_PROBLEM_
Where does the word "Size" occur in the material? Copy each line that has it.

_DATA EXTRACTS_
- Opening Delimiter -

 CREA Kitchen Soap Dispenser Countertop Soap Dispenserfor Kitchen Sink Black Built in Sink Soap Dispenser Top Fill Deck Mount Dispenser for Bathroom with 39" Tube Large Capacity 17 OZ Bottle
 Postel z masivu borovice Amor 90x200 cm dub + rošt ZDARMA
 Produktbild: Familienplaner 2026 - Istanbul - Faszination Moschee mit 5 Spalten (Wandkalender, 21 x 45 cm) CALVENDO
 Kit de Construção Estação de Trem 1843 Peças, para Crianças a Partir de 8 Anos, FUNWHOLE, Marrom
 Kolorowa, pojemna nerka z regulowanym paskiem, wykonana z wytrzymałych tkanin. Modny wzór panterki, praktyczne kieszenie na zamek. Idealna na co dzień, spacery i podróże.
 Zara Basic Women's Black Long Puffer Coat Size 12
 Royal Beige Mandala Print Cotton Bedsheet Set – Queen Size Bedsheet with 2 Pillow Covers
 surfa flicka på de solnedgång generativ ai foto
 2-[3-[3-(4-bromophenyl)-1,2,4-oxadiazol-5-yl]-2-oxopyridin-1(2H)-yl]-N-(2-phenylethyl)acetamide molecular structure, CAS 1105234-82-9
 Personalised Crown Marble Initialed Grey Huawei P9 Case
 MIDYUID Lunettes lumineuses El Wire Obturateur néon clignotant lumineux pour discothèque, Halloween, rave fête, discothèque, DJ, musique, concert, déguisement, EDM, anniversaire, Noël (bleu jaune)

- Closing Delimiter -

_RESPONSE BOX_
 Zara Basic Women's Black Long Puffer Coat Size 12
 Royal Beige Mandala Print Cotton Bedsheet Set – Queen Size Bedsheet with 2 Pillow Covers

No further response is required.